When an event occurs in the world around us, say a vocalist sings the opening bars of Amazing Grace, information about the event is transmitted to us by light waves and sound waves emanating from the vocalist. Our eyes create a sequence of visual images of the event, our ears form a sequence of auditory images of the event, and the brain combines these image sequences, with any other sensory input, to produce our initial experience of the event. In parallel, the brain interprets the event with respect to the scene in which it occurs, and in terms of stored knowledge concerning related events in similar scenes. Conceptually, the Auditory Image Model (AIM) describes how the auditory system might construct the initial representation of an auditory event from the sound waves entering the ear from the environment. This project provides two applications that convert waves into auditory images:
AIM-MAT is a version of the auditory image model written in MATLAB with a GUI that allows you to investigate auditory processing stage by stage. There is a tutorial that explains the details of auditory processing with figures illustrating the internal representation of sound at successive stages in the auditory pathway.
AIM-C is a real time version of the auditory image model written in C that is suitable for batch processing of sound databases. The AIM-MAT tutorial provides a reasonable introduction to the processing provided by AIM-C.
The focus of AIM is communication sounds like those that occur when a performer sings a melody or recites a line of poetry. These sounds are similar in form to the territorial calls of animals. Communication sounds are dominated by complex tones about a quarter of a second in duration. These communication tones are heard as the vowels of speech and the notes of melodies, as well as the hoots and coos in animal calls. It is argued that these complex tones are the basic building blocks of auditory perception. They produce stable structures with distinctive shapes in the auditory image, and these auditory figures are often sufficient to identify the source of the sound. Sequences of these auditory figures give auditory events meaning and segregate the auditory scene into foreground and background events.
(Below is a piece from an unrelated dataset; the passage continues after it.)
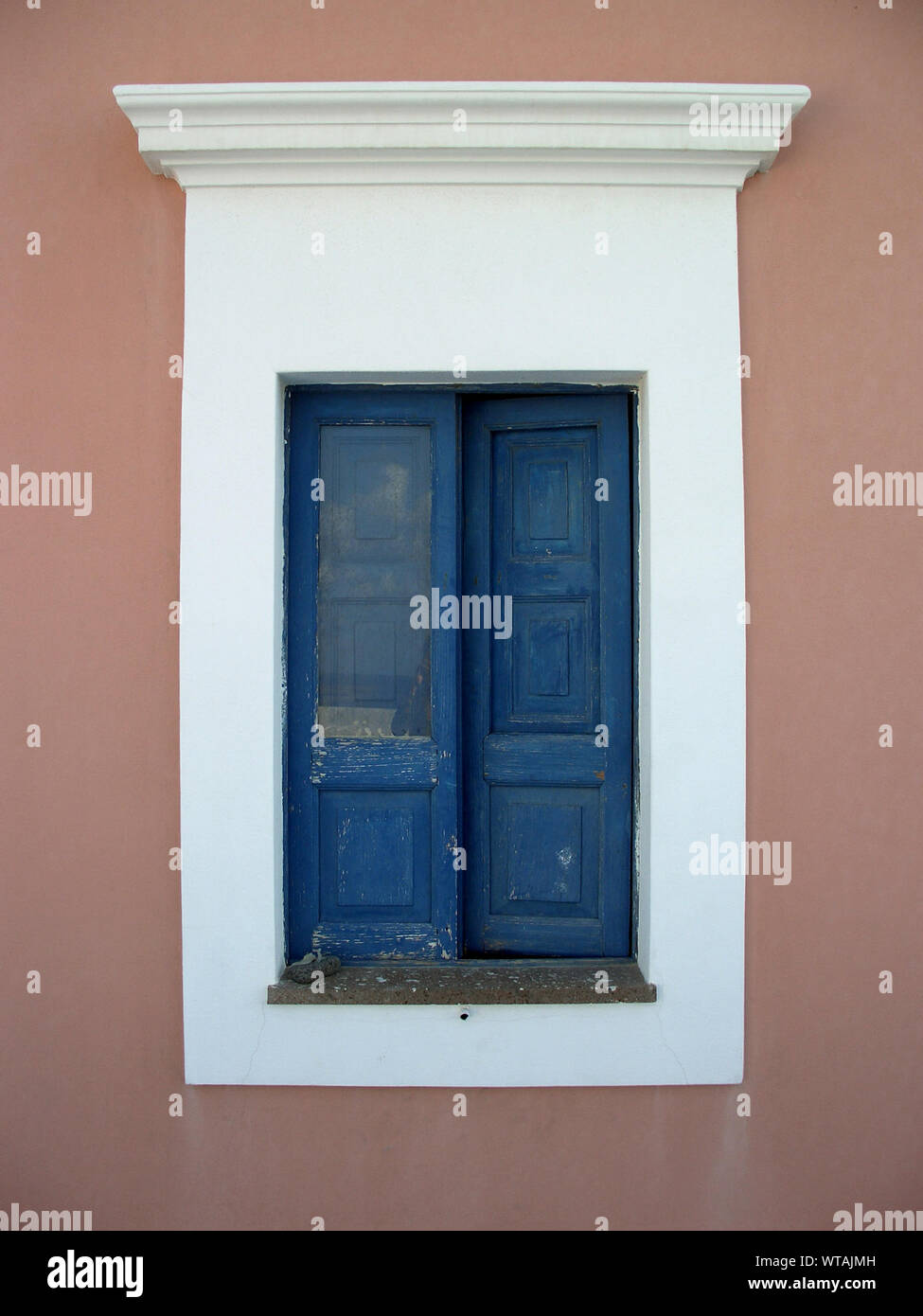 Wooden blue window hi-res stock photography and images - Alamy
There is a wiki that describes the production of communication sounds, the form of the information in communication sounds, and how the auditory system converts these sounds into the perceptions we hear when they occur in everyday life. It explains what is meant by the terms auditory figure, auditory image, auditory event, the auditory scene, and auditory objects. It also explains how the auditory system might create the internal, neural representations of sound that support auditory perception and bio-acoustic communication. The focus is on signal processing transforms that can be applied to all sounds to produce an internal space of auditory events where the important features of communication sounds are automatically segregated in preparation for subsequent perceptual processing.